:: Listed entries ::
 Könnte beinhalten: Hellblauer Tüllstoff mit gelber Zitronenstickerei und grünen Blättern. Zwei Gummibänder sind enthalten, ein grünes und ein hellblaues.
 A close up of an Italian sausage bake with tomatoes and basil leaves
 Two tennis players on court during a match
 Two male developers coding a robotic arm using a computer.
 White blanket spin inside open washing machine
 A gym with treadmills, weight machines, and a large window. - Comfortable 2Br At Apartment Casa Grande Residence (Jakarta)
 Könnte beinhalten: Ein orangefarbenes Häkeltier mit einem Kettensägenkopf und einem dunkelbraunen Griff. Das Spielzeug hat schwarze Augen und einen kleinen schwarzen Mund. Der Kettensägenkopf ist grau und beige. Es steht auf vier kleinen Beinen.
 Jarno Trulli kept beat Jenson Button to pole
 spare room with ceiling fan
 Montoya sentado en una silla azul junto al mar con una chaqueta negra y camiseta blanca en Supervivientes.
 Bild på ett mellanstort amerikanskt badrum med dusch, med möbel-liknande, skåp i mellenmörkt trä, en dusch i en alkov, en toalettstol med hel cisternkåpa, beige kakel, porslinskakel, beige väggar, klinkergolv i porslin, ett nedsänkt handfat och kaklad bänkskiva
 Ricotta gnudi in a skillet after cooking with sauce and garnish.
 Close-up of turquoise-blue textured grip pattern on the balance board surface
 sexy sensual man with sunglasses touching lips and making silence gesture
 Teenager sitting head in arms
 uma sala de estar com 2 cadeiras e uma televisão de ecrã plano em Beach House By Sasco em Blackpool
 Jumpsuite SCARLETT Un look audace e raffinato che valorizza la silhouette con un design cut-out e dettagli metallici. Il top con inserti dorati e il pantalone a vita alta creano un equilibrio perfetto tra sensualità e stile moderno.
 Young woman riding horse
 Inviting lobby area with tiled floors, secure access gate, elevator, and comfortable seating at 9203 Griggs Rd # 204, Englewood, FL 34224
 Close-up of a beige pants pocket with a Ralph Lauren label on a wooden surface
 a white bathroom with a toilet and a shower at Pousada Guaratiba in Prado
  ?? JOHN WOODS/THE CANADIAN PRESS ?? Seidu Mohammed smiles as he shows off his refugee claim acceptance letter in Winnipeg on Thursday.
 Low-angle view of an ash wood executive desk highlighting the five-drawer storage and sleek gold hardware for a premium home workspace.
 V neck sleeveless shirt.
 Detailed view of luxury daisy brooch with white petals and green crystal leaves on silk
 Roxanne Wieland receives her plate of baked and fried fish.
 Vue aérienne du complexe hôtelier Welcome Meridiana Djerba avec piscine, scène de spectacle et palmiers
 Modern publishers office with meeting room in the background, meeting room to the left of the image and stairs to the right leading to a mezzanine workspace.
:::
• [What you are asked to do]: If a line in the data above contains the string "leaves", count it; then state only the total.

• [The answer]: 2